The opposite of reassuring

Photo courtesy of maxedaperture

Immigration March III, courtesy of maxedaperture

If you don’t make it past the first few pages of the Metro section you’d miss it – WaPo reported today that the D.C. Board of Elections still hasn’t managed to certify the primary election results. To some extent it doesn’t matter – we’re assured the announced results won’t change and this is just a legal formality.  However the fact that it’s two weeks on and they still haven’t managed to complete this task certainly raises certain questions about how well they’re going to handle the upcoming Presidental election.

DCBE’s own statistics show this primary had a turnout of less that 13% of the registred voters. The 2004 certified results [pdf] listed a 59% turnout – more than four times as many ballots cast. That doesn’t even address the higher interest in this election or the 12,000 additional voters on the rolls now – a 4% increase with another week and a half left for D.C. residents to register to vote.

Here’s hoping they get their act together by November.
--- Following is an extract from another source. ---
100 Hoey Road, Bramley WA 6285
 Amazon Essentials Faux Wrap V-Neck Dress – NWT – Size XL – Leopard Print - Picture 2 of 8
Well I used to say something in my profile about not quite being a “tinker, tailor, soldier, or spy” but Tom stole that for our about us page, so I guess I’ll have to find another way to express that I am a man of many interests.

Hmm, guess I just did.

My tastes run the gamut from sophomoric to Shakespeare and in my “professional” life I’ve sold things, served beer, written software, and carried heavy objects… sometimes at the same place. It’s that range of loves and activities that makes it so easy for me to love DC – we’ve got it all.


One thought on “The opposite of reassuring

  1. I’ll come right out and say: It’s not looking good for November for the DC polls. The difficulties in the code of the optical scan recognition machines are still being tracked down (as of Kojo’s show a week or so ago?) and it’s unlikely that any fixes could be applied to all of the voting machines in time for the November general elections.

    Now, the good thing about optical scan ballots is that they, unlike all these touch-screen receiptless machines in VA, can be hand counted if the worst comes to worst. However, that’s still some 400,000 ballots that would need to be hand-counted, which is something no one should hope for. Especially when we need, now more than ever, electoral confidence in the results.